Specifically, the team reviewed the licensees response to Generic Letter (GL) 2003-01, Control Room Habitability, and various information notices to verify that NRC identified problems were entered into the corrective action program; licensee responses to Part 21 notices and Westinghouse Technical Bulletins to verify industry identified problems were properly entered into the program; and issues raised by the licensees Offsite Review Committee to verify that the concerns were properly entered into the program. The team also reviewed the CAP screening team lists and attended several screening team meetings to verify that conditions adverse to quality (CAQs) were properly entered into the corrective action program and that no unidentified problems were apparent in the CAPs. Specific items reviewed are listed in the Attachment.

Finally, the team reviewed the July 2005 Point Beach Corrective Action Program Self-Assessment Report, and Nuclear Oversight (NOS-the quality assurance group)

Report 2004-004-3-016 on the corrective action program to compare the results against self-revealing and NRC-identified issues.

(2) Assessment The team determined that the licensee was identifying plant problems at an appropriately low level and entering them into the corrective action program. However, the team identified a vulnerability in the corrective action program governing procedure that could allow conditions adverse to quality to bypass the corrective action process.

The team also identified several deficiencies that had not been previously identified by the licensee, and thus not entered into the program.
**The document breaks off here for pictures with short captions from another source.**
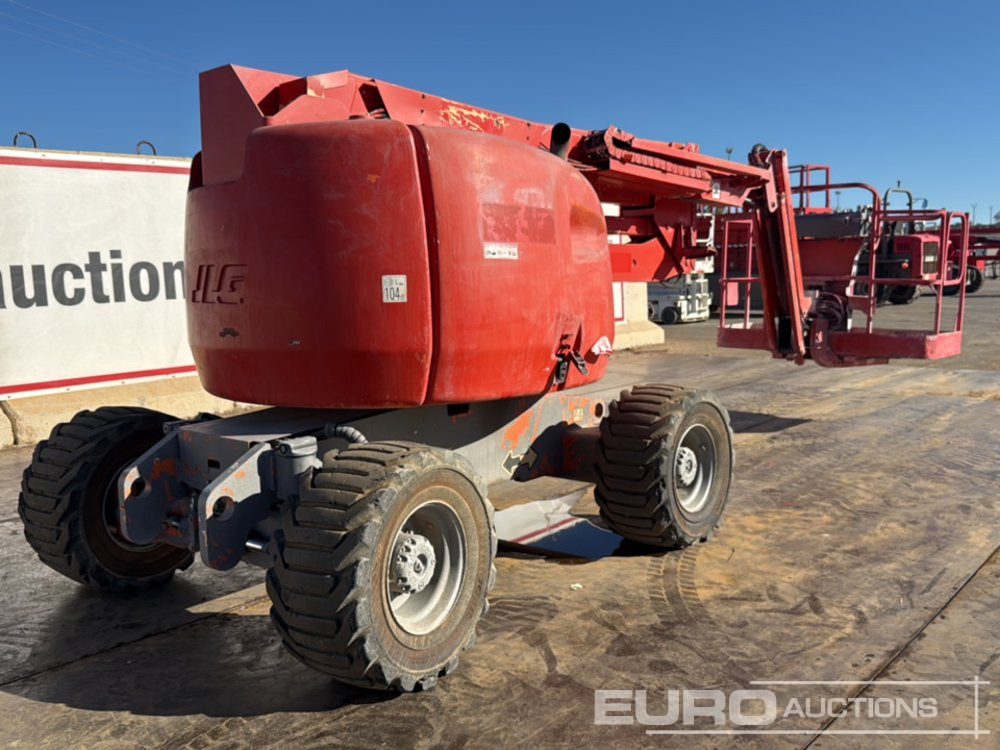 JLG 450AJ SII - Boom artikulasi: gambar 5 JLG 450AJ SII - Boom artikulasi: gambar 5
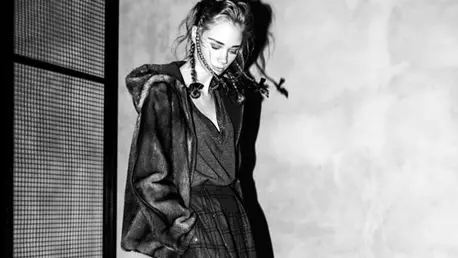 ELLE FASHION: Poveste fara sfarsit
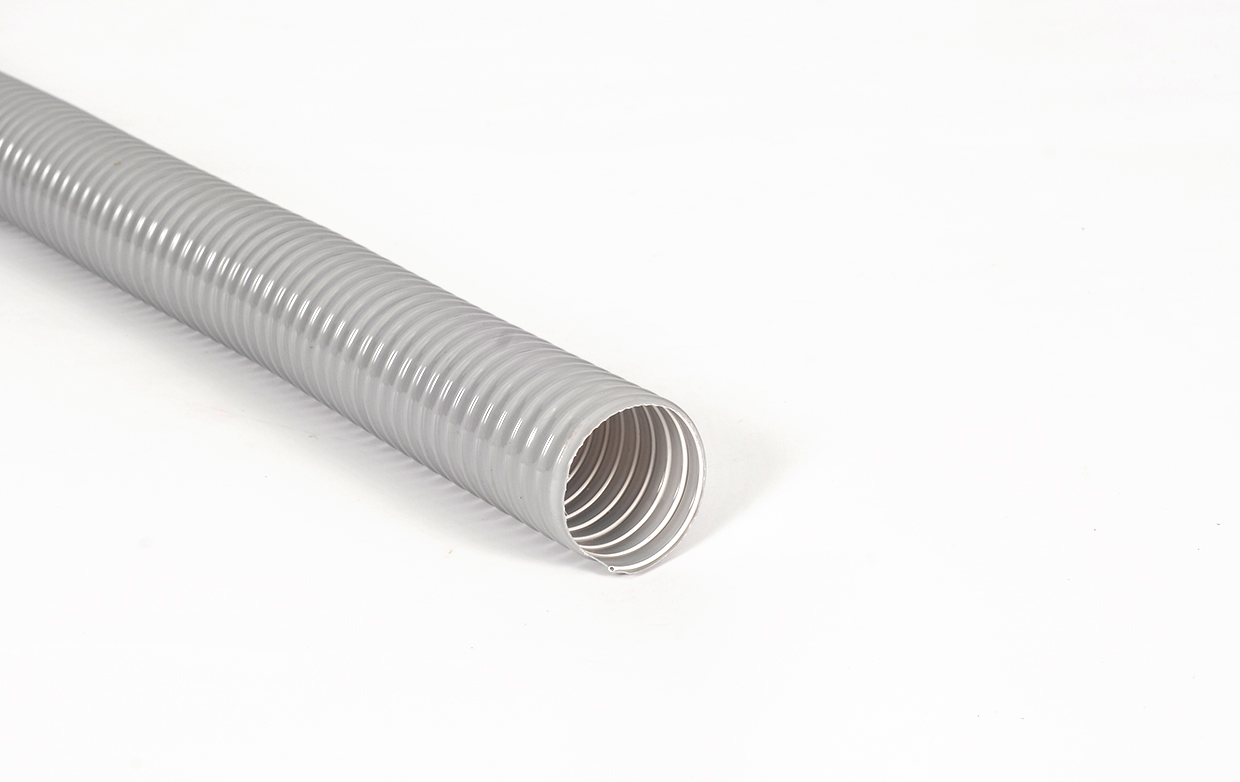 PVC Absaugschlauch Super M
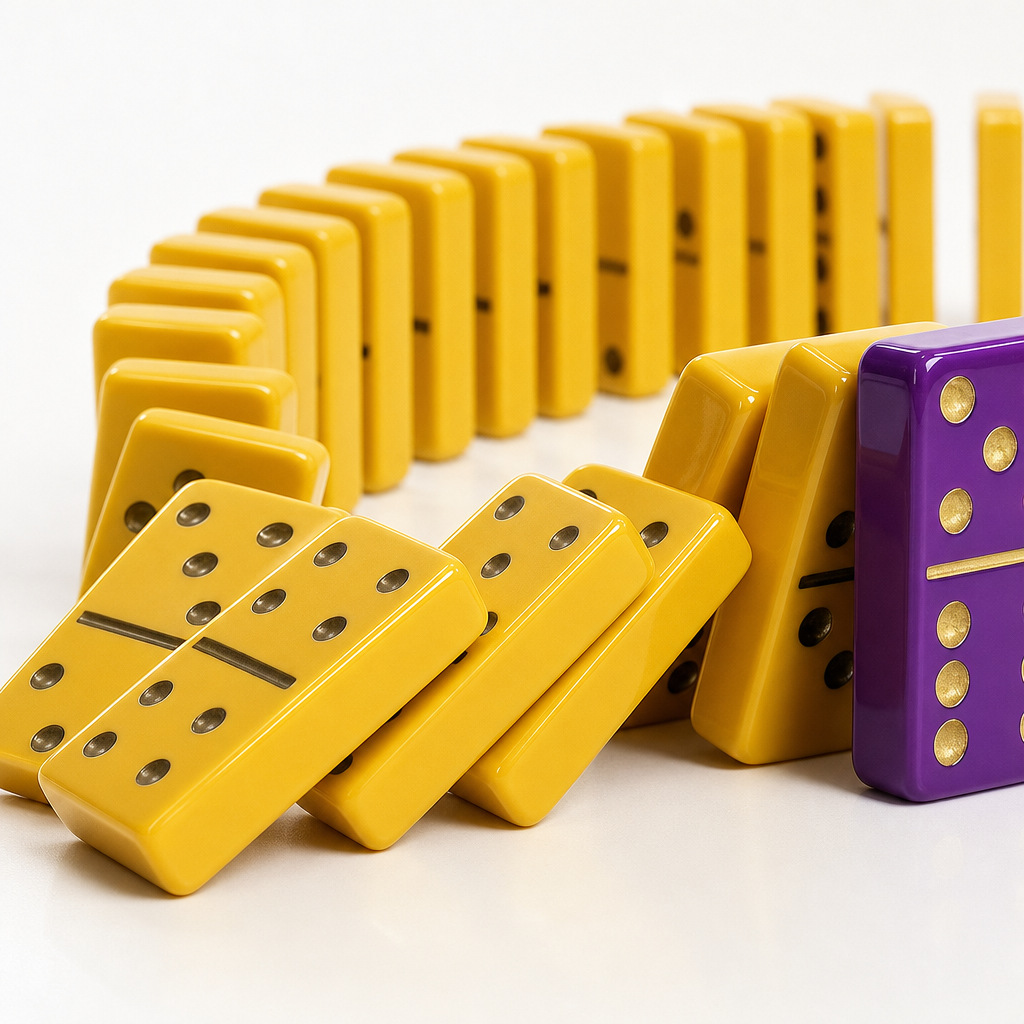 Cross-border best-selling resin dominoes, backgammon, dice, customizable with logo, educational board game toy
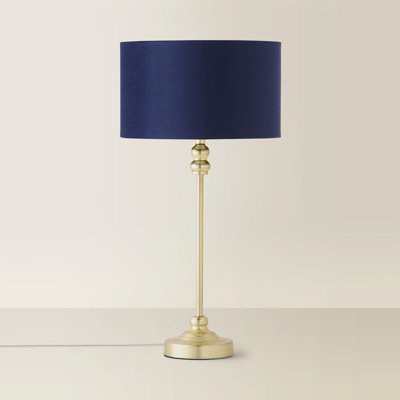 Reselva Metal Table Lamp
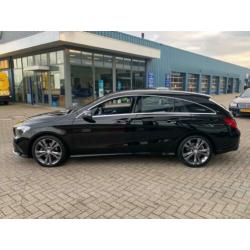 Mercedes-benz CLA-KLASSE 200 URBAN 160PK SHOOTING BRAKE NAVI
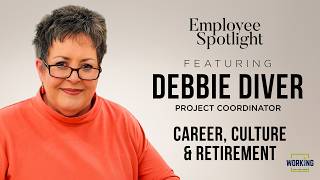 Employee Spotlight: Debbie Diver's Retirement Story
(i) Procedure Vulnerability Nuclear Plant Procedure (NP) 5.3.1, Action Request Process, Revision 27, provided the administrative guidance for entering problems and deficiencies into the corrective action program and used the action request (AR) as the main vehicle to track progress through the program. The procedure specified that an AR could take two separate paths as it worked through the process. In the first, used for a CAQ, the AR (now called a CAP) would receive an operability screen and a cause evaluation screen before being assigned to a work group, and would receive a closeout review by a designated CAP owner, and possibly an oversight group, after work completion. In the second, used for routine work activities, the AR (non-CAP AR) would be assigned directly to a work group for completion. As part of the non-CAP AR process, Step 6.3 of NP 5.3.1 required a second check to determine if a CAP was needed. However, the team noted that this second check was conducted by the same individual that initiated the non-CAP AR. The licensee had identified, via the self-assessment, a similar condition in the software used to track ARs and had taken corrective action to have the CAP screening team review the new non-CAP ARs on a daily basis; however, the team determined that this did not address the vulnerability mentioned here. At the close of the inspection, the team had not identified any significant cases where a CAQ had been tracked using a non-CAP AR.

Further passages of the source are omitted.